A landmark labor struggle might seem like difficult terrain to explore in an opera, but Long Beach-based composer Nicolás Lell Benavides knew that he had a riveting tale to tell in Dolores.
Working with librettist Marella Martin Koch, he decided to focus on the roiling events of 1968, a year of dread and calamity from Prague and Paris to Mexico City and Memphis. It was also the third year of the grinding United Farm Workers strike led by Dolores Huerta, César Chavez and Larry Itliong, which gave birth to an international boycott of California-grown grapes.
Dolores covers the months between Senator Robert F. Kennedy’s embrace of the farmworker cause in his campaign for the Democratic presidential nomination and the devastating aftermath of his assassination at the Ambassador Hotel. Huerta, who had helped turned out Latino and Asian American voters for him, stood by Kennedy’s side during his victory speech.
“I think there are a dozen operas about Dolores’ life that one could do, but I wanted people to focus and invest in one event and what it feels like to overcome what has to be to be one of the highest and lowest moments,” said Benavides in a recent conversation at Oakland’s Scottish Rite Center, where West Edge Opera presents the world premiere of Dolores on Aug. 2, 10 and 16.
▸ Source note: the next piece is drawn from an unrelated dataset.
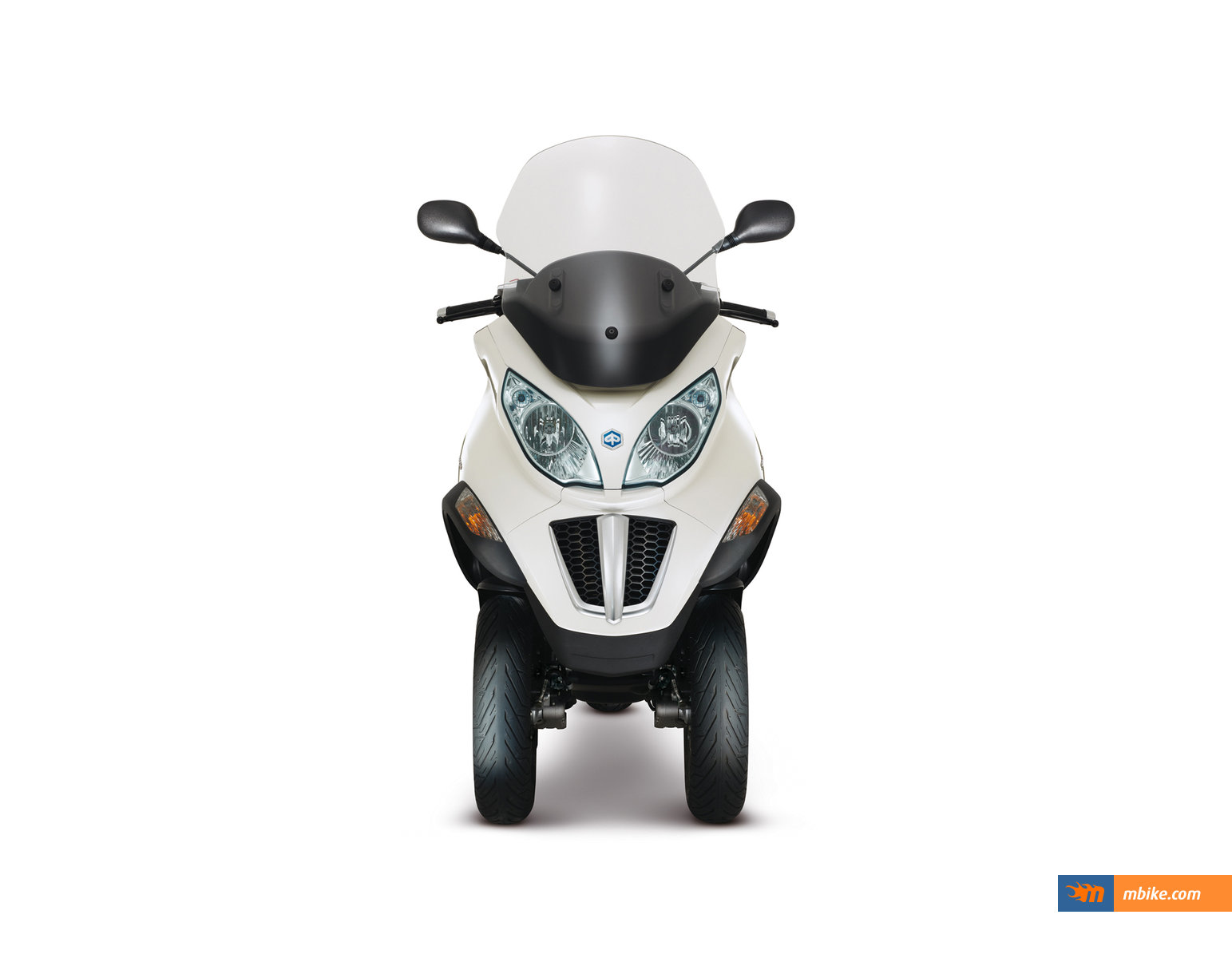 2012 Piaggio MP3 Touring 500 Business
Joining the conversation via video call, Huerta talked about the painstaking parallels between creating an opera from the ground up and building a movement. “When you think about that, you have to put people together not one by one, but one by four or five or six or seven,” said the 95-year-old activist. “You have to get small groupings of people so that you can inject into them the understanding they have the power to change things. Because people don’t believe that they do. Especially when you have conditions so entrenched like with the farm workers.”